どくんと道磨の心臓が、まるで捻られたかのように脈打った。

大学寮から帰った道磨は自室にて、更に学に励んでいた。
そんな道磨がふと、外を見れば眩しい程の晴天。たまには気分を変えて庭園を散策するのも悪くない。と
道磨は庭先へと出たのである。

晴明の屋敷は広い。
それ故に、庭園も中々の広さを誇る。
まだ花をつけていない木々たちを仰ぎながら、しばし散策を楽しんだ道磨の目に飛び込んできたのは黎磨と晴明の姿であった。
声をかけようと思ったが、彼の第六感がざわついた。
何故か声をかけてはいけない気がして、少々気は進まぬが立ち聞きをする事にしたのだ。

「私には少しばかり秘密がある。黎磨…主にだけに話してやろう。」

「晴明様の、秘密?」

「ああ。…私はあの童子と同じ半妖だ。否、半妖だったという言い方が正しいか…」


聞こえてきた会話は、耳を疑うものであった。
晴明が半妖。
それは、慕っていた師に…自分が憎む異形の血が流れているという事だ。

それから道磨は、無心になって話の行く末を辿る。
結果晴明が口にしたのは、あの少年の延命だった。


「そんな、うそだ…」

道磨が声を発せたのは、二人がその場を去ってしばらくした頃の事。
整わない呼吸をしまい込むように、口元に手を当てズルズルとその場にへたり込む。

道磨にとって異形は絶対悪であった。
それは母を異形に殺された事により始まったものだが、晴明の弟子として異形と対峙する度強くなっていった。

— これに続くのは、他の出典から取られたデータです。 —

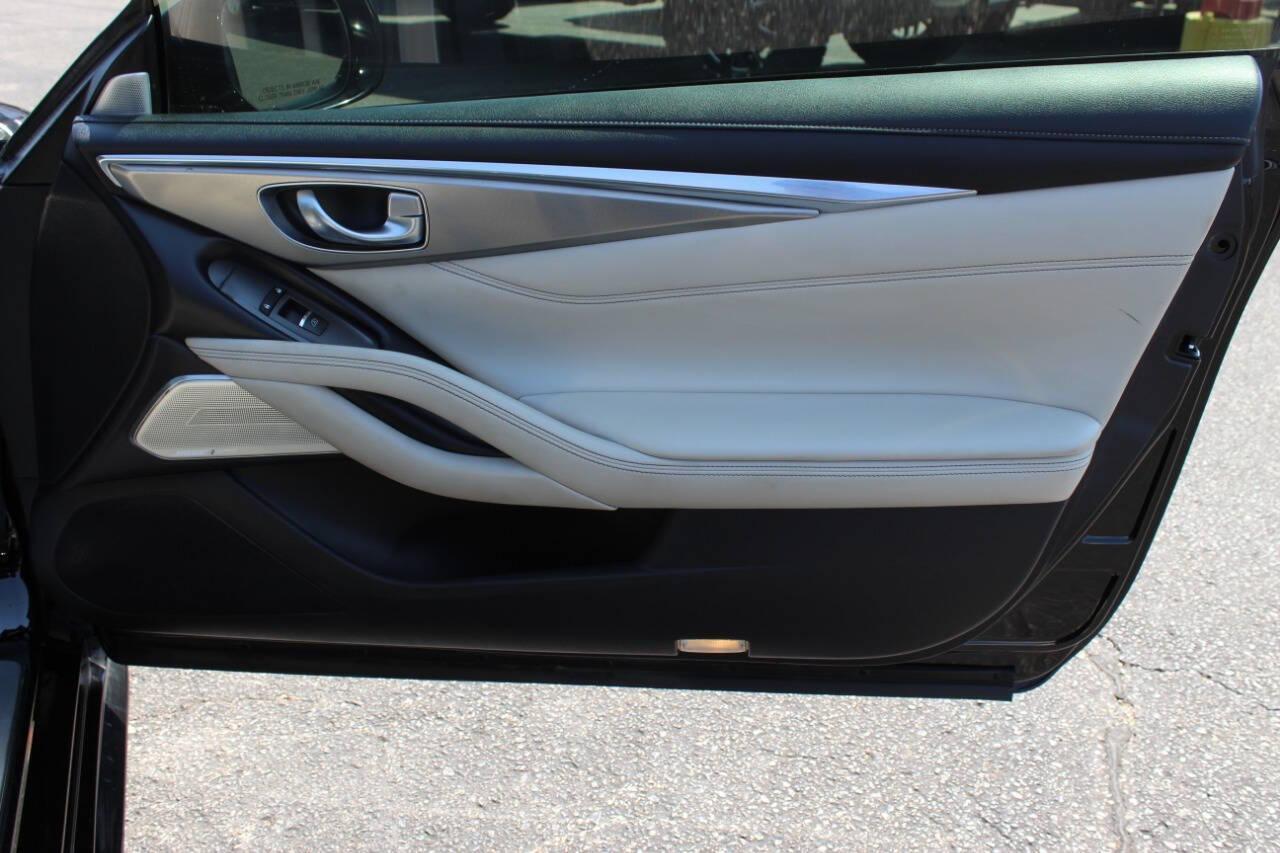 2018 Black Infiniti Q60 3.0t Sport (JN1EV7EK2JM) with an 3.0L V6 DOHC 24V TURBO engine, 7A transmission, located at 4301 NW 39th , Oklahoma City, OK, 73112, (405) 949-5600, 35.512135, -97.598671 - NO DRIVERS LICENCE -NO FULL COVERAGE INSURANCE - NO CREDIT CHECK. COME ON OVER TO SUPERSPORTS, TAKE A LOOK AND TEST DRIVE. PLEASE GIVE US A CALL AT (405) 949-5600. NO LICENCIA DE CONDUCIR - NO SEGURO DE COBERTURA TOTAL - NO VERIFICACION DE CREDITO. VISITENOS EN SUPERSPORTS, MIRE NUESTRO - Photo#9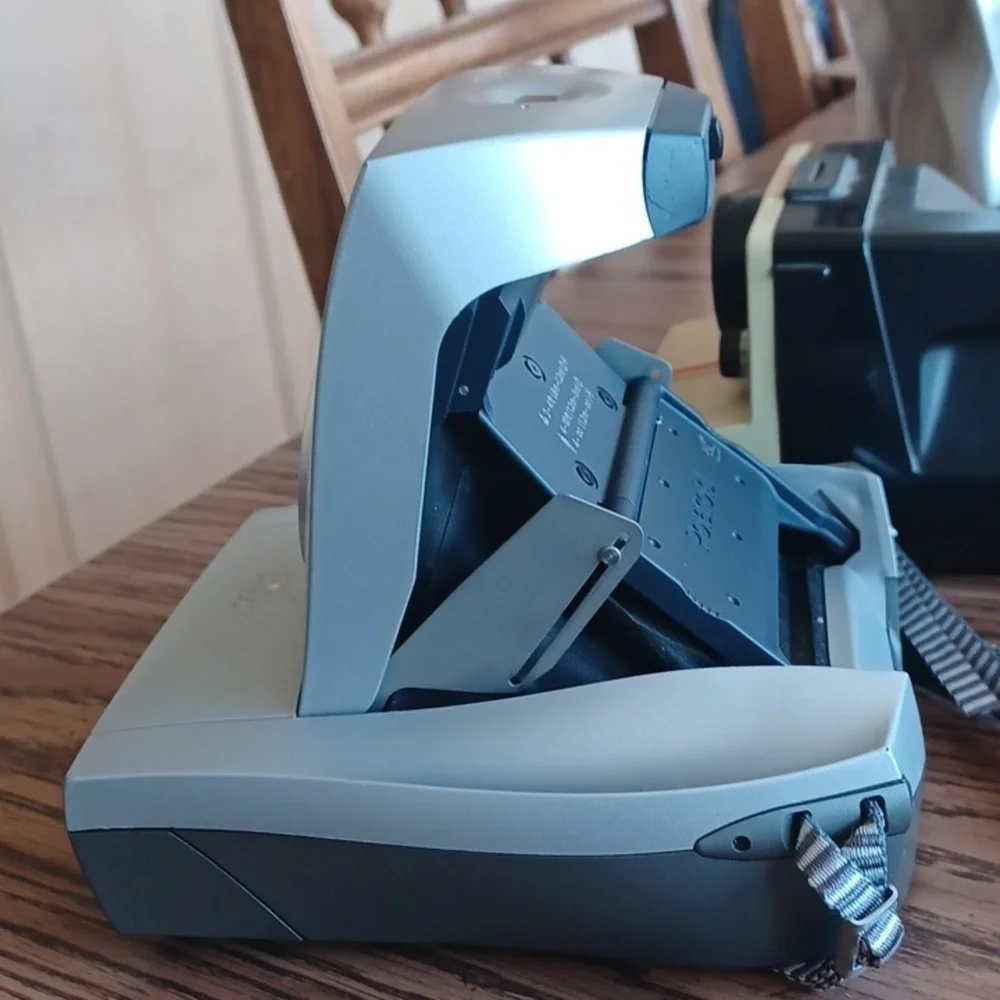 Polaroid questions leave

この世は人の世だ。他人の畑で悪さをする異形は害虫と同じ。
人の世を守るためには、駆除しなくてはならない。

いつしか道磨の中でかがげられたものは、偏った絶対正義だった。

「落ち着け、落ち着くのだ…」

口元を抑える手がカタカタと小さく震える。
自分に言い聞かせるように、そう呟いた道磨に沸き起こるのは形容し難い感情ばかりだった。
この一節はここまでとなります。